I desideri si formano nella nostra mente nei primissimi anni di vita, se non addirittura nei primi mesi, e sono capaci di attivare il nostro potenziale e le nostre energie. Sono la fonte della nostra volontà e della fiducia nell‘autoefficacia. Sono i desideri che ci inducono a cercare la libertà di sviluppare tutta la ricchezza del nostro potenziale. A patto, però, che li riconosciamo e li seguiamo.
Purtroppo però, troppo spesso la nostra attenzione è deviata da altri fattori che impediscono che il desiderio si possa sviluppare e trasformare in una chiara intenzione, in una volontà cosciente.
Alcuni di questi fattori devianti, forse tra i più insidiosi, sono proprio i criteri di performance e di successo dell’azienda. Noto infatti che molti manager li assimilano, si identificano con essi a tal punto da non percepirne più i condizionamenti, non solo nel loro modo di agire, ma addirittura nel loro sentire e pensare.
Non è che tutti i criteri di performance e di successo siano a priori sbagliati o dannosi. L’aspetto problematico emerge nel momento in cui si perde la capacità di dissociarsi da essi, di riflettere sulle implicazioni, di valutarne la coerenza con i propri desideri e valori.

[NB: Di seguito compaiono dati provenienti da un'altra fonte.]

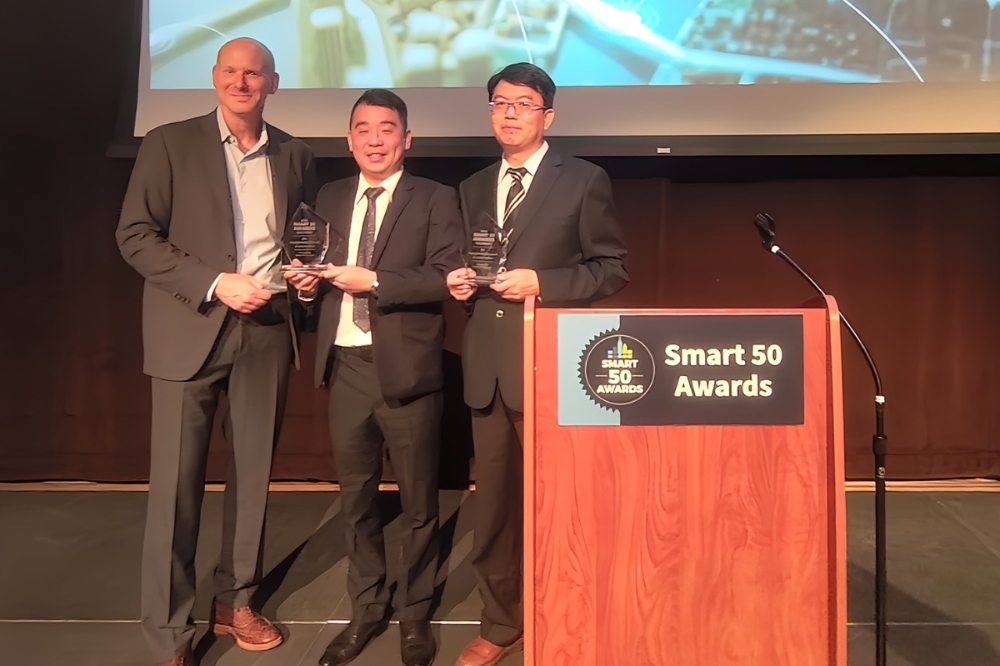 桃園市政府拿下第7屆智慧50年度大獎2個獎項，是亞洲唯一獲得雙獎肯定的城市。（桃園市政府提供）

Nel coaching possiamo aiutare il cliente, che ha preso coscienza dei suoi desideri, a riconoscere gli ostacoli che dovrà superare, i vincoli che dovrà accettare, le risorse che dovrà attivare e il prezzo che dovrà pagare per sviluppare una volontà cosciente e coerente, capace di guidare le sue decisioni e azioni, rendendo più liberi i propri pensieri ed efficace il proprio operato.